▶ [Instructions for the task]
The lines below starting at the line containing "After Six Sleeveless Tulle A-Line Gown, Blue" and ending at the line containing "QUILTED AUTO UPHOLSTERY" are to be repeated exactly, with both ends kept and nothing else added.

▶ [Source data]
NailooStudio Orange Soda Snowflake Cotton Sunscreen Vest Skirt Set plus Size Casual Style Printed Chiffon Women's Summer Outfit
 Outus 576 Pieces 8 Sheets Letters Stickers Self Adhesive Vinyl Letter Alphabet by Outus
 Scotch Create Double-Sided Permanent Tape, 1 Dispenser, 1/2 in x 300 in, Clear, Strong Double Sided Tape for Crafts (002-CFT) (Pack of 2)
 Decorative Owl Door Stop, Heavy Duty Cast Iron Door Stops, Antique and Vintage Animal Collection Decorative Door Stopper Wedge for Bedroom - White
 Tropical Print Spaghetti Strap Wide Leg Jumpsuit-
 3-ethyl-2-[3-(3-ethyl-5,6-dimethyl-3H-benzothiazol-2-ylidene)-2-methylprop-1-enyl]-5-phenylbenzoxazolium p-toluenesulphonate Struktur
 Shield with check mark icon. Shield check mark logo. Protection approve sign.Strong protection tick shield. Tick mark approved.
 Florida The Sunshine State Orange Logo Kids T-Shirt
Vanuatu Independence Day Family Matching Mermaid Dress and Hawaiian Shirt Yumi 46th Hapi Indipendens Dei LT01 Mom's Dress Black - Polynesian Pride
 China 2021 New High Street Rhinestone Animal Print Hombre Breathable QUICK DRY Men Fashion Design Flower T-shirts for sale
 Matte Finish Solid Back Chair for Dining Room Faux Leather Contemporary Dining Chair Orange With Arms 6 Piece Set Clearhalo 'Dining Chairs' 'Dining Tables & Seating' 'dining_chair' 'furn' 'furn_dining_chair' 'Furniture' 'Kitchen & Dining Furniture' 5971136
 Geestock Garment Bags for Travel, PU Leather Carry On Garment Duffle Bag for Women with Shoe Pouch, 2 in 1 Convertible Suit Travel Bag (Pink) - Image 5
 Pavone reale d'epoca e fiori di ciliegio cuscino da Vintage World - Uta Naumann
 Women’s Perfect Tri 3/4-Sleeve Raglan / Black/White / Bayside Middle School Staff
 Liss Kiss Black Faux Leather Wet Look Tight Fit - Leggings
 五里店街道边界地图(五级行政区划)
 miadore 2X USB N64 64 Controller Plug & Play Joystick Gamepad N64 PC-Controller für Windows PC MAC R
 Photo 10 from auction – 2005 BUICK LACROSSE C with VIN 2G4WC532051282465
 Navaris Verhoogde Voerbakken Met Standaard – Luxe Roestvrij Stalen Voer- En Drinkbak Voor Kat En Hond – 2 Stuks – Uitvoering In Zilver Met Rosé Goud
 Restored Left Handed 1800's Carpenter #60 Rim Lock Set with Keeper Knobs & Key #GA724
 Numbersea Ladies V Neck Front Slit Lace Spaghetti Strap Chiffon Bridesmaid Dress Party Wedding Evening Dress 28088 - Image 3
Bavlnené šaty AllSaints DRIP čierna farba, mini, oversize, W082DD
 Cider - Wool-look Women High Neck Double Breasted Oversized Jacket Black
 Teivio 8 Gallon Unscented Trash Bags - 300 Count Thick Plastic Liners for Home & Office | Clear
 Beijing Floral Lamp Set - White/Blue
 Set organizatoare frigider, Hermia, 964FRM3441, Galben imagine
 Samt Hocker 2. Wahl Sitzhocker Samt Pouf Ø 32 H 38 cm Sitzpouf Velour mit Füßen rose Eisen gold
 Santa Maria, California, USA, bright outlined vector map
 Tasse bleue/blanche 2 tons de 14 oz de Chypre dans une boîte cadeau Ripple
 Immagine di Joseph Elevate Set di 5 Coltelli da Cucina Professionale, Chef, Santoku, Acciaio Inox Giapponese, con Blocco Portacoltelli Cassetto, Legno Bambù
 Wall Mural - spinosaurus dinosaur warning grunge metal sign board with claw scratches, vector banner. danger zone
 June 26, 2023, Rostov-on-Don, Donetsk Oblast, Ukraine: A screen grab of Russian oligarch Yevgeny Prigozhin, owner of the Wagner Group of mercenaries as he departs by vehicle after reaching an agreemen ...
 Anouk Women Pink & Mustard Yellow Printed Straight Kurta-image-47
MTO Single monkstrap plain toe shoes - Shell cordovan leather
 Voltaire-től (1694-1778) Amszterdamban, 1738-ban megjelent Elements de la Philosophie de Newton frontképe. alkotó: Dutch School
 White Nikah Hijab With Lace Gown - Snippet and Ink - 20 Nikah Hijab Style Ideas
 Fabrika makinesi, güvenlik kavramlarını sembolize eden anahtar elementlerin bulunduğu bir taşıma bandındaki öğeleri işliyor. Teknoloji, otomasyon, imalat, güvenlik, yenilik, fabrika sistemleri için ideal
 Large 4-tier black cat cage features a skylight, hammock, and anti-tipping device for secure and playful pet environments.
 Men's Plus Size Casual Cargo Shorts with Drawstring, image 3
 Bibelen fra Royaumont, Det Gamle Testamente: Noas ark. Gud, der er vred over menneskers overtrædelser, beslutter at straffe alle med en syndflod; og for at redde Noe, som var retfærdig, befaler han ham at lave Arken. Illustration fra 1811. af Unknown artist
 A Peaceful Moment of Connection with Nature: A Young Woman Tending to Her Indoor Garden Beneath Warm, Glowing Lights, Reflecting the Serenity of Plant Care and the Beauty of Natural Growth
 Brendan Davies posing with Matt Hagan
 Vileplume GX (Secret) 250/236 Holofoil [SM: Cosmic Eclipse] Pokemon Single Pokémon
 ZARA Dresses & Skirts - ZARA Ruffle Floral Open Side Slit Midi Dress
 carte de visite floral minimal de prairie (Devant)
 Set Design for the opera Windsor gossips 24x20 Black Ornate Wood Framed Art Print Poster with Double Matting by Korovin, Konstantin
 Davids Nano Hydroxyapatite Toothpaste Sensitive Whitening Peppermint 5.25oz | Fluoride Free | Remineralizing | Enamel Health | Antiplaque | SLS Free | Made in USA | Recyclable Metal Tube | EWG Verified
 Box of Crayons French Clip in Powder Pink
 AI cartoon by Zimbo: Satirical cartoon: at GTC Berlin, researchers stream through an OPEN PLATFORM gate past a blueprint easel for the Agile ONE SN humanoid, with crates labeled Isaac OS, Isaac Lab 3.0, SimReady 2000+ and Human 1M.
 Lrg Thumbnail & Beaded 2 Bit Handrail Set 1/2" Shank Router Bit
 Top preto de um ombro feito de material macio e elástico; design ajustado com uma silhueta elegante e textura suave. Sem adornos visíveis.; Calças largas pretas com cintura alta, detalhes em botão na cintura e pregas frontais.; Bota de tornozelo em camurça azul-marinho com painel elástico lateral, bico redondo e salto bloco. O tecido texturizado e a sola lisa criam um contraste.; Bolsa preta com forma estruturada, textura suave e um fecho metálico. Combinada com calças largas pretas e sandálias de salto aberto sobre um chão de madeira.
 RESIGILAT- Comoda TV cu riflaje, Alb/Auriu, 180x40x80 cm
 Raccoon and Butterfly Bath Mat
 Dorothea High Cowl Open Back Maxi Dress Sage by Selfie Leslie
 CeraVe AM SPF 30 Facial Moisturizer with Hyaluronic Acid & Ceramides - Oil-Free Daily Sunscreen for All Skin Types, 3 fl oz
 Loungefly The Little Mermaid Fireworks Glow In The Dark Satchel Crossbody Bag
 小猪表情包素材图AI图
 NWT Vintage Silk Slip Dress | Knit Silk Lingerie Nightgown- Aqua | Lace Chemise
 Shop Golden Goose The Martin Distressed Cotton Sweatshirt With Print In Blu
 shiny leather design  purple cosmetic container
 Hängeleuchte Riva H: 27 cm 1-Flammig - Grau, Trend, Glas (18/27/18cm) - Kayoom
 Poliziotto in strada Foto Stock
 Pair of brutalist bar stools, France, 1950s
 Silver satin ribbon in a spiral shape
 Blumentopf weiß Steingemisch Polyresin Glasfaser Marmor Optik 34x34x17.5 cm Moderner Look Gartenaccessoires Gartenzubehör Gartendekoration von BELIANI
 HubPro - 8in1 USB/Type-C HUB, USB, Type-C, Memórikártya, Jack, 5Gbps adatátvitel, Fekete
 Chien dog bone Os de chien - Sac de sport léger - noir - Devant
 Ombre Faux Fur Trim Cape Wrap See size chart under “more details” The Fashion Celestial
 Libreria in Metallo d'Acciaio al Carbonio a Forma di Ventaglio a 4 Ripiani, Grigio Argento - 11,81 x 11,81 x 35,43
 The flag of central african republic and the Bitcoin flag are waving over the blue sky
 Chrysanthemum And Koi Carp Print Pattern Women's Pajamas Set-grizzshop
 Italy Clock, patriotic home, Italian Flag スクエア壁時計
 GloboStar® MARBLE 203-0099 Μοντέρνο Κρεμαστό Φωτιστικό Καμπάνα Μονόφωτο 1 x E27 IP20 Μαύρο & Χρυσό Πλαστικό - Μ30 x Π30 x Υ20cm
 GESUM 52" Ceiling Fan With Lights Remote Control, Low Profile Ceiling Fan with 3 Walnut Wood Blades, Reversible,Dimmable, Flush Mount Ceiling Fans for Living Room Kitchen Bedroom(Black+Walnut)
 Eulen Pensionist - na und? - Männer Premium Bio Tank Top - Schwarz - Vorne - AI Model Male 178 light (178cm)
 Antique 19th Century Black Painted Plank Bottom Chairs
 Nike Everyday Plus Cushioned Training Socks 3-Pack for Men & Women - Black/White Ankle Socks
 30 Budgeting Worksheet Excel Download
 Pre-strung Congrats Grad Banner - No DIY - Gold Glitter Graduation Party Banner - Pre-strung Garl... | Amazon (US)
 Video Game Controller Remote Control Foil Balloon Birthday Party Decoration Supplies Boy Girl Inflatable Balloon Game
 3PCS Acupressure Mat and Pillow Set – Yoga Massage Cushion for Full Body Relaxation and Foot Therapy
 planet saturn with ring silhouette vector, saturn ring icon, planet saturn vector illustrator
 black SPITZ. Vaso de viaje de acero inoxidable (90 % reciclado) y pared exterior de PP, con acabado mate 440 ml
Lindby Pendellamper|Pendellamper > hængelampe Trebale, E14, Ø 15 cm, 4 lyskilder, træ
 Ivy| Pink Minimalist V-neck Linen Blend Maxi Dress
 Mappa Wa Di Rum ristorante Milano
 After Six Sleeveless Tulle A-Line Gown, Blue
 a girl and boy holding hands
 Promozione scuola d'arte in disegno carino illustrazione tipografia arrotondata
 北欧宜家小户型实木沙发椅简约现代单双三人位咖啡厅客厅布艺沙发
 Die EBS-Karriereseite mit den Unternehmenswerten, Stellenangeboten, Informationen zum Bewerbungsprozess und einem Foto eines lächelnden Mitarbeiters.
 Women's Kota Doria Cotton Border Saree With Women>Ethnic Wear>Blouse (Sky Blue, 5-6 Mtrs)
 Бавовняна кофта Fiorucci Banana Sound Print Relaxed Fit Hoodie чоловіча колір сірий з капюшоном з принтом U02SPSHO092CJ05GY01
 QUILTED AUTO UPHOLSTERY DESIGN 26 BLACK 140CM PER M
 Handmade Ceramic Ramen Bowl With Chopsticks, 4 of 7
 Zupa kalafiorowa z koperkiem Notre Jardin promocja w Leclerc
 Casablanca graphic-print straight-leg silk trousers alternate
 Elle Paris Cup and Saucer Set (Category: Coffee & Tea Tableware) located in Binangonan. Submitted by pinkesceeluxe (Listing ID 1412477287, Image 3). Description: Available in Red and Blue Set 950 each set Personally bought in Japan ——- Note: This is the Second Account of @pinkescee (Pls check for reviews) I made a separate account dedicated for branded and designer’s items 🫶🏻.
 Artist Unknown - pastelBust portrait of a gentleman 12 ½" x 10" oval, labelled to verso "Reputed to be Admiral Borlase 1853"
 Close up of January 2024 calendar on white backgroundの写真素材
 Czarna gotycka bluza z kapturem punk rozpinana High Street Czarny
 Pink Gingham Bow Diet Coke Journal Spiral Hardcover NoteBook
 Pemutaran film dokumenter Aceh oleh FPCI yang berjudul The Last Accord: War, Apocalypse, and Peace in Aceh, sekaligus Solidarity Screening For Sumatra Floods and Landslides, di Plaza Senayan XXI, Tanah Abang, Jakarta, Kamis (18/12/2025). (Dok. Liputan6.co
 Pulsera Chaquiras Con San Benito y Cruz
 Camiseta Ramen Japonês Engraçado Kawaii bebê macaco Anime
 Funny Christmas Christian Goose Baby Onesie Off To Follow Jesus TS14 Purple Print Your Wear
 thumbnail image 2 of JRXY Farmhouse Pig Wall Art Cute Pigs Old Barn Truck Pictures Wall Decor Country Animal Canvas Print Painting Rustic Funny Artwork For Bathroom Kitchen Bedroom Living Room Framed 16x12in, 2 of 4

▶ [Answer for this exercise]
 After Six Sleeveless Tulle A-Line Gown, Blue
 a girl and boy holding hands
 Promozione scuola d'arte in disegno carino illustrazione tipografia arrotondata
 北欧宜家小户型实木沙发椅简约现代单双三人位咖啡厅客厅布艺沙发
 Die EBS-Karriereseite mit den Unternehmenswerten, Stellenangeboten, Informationen zum Bewerbungsprozess und einem Foto eines lächelnden Mitarbeiters.
 Women's Kota Doria Cotton Border Saree With Women>Ethnic Wear>Blouse (Sky Blue, 5-6 Mtrs)
 Бавовняна кофта Fiorucci Banana Sound Print Relaxed Fit Hoodie чоловіча колір сірий з капюшоном з принтом U02SPSHO092CJ05GY01
 QUILTED AUTO UPHOLSTERY DESIGN 26 BLACK 140CM PER M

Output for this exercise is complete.